Every day, Wall Street analysts upgrade some stocks, downgrade others, and "initiate coverage" on a few more. But do these analysts even know what they're talking about? Today, we're taking one high-profile Wall Street pick and putting it under the microscope...
And rightly so. Comcast grew its revenue 24% year over year last quarter to $26.9 billion, with adjusted profits up just a bit slower than that -- 13%. Cable TV continues to be a bit of a drag on the business, but as the company shifts its focus toward adding subscribers of any form -- and in particular, to attracting cable TV cord-cutters with its internet-only offerings -- net new "relationships" with customers expanded by 152,000 in the quarter. This led my Fool.com colleague Nicholas Rossolillo to conclude at the time that "at a reasonable 14.5 times trailing 12-month free cash flow and a dividend yielding 1.9% a year, there's a lot for investors to like about Comcast stock."
And he's not the only one to think so.
This morning, analysts at investment bank Oppenheimer upgraded Comcast stock to outperform, the first such upgrade the company has received since reporting its earnings (though Wells Fargo resumed coverage at outperform, and a handful of analysts raised their price targets, according to our friends at StreetInsider.com).
What does Oppenheimer like about Comcast? Well, the sales and earnings growth of course. "Fundamentals are healthy in the near-term, and we think 2020 is setting up to be a strong year," says the analyst in its note. While cable TV cancellations remain a concern, Oppenheimer notes that "[b]roadband strength [is] offsetting weakness in video" (i.e., cable TV).
Moreover, Oppenheimer argues that its fellow Wall Street analysts may be "underestimating advertising revenues [and] secular improvements in cable," and also forgetting to factor in "projected Sky FCF margin expansion." Cash is indeed flowing freely.

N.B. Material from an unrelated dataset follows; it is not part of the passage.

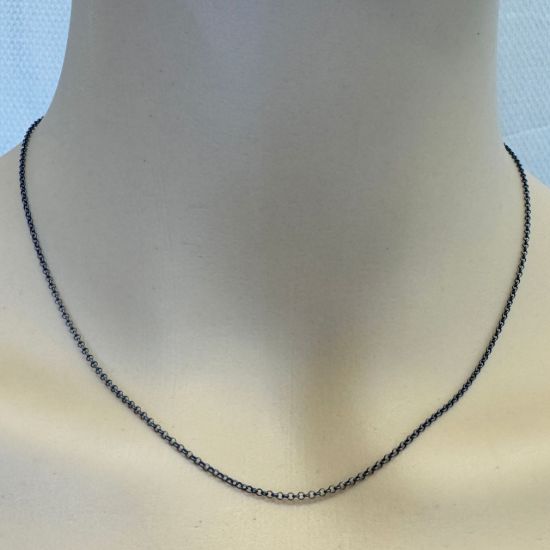 Wholesale Dark Oxidized Sterling Silver Finished Jewelry Chain - 1.3 mm Rolo Chain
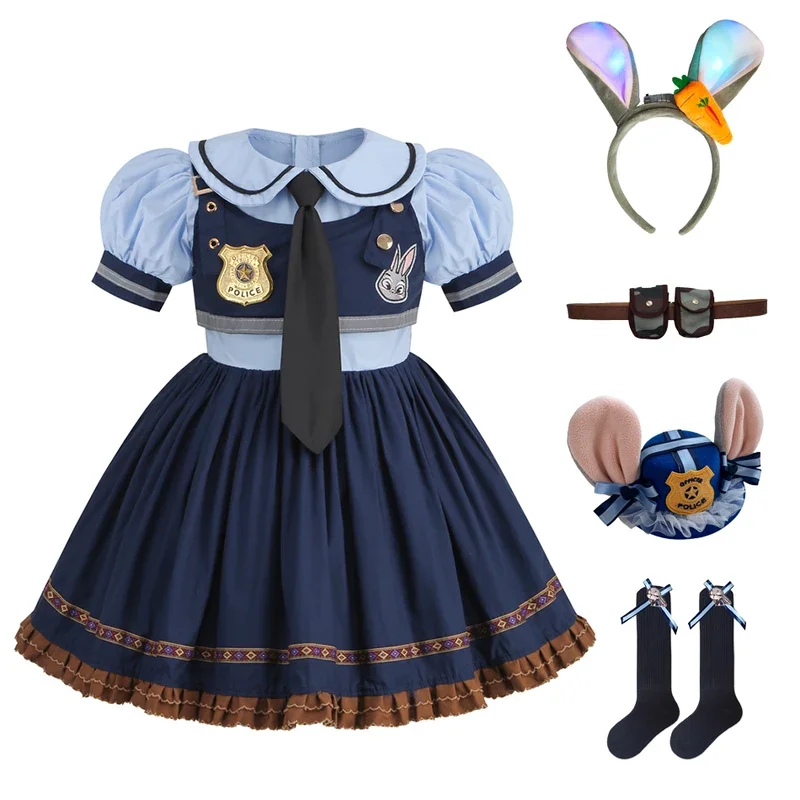 RT01 Zoo Movie Judy Cartoon Clothes Girl Police Woman Role Playing Dress 2PCS Korean Kids Rabbit Clothing Set*Jk2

Comcast generated positive free cash flow of $15.3 billion over the past 12 months, which was 26% better than reported net income. And Oppenheimer predicts that by using this cash to pay down debt, by the end of next year, the company may have worked down its debt leverage (presumably referring to its enterprise value-to-revenue ratio) from 3.0 presently to as low as 2.2.
Cable internet's the key
Still, Oppenheimer's highest hopes for Comcast reside in the company's core cable communications division. This is, after all, the source of 58% of Comcast's revenue, according to data from S&P Global Market Intelligence -- and of 74% of its earnings before interest, taxes, depreciation, and amortization (EBITDA -- often a favorite valuation tool among analysts tracking tech and telecom stocks, which can spend heavily on capital investment, depressing their reported GAAP net earnings).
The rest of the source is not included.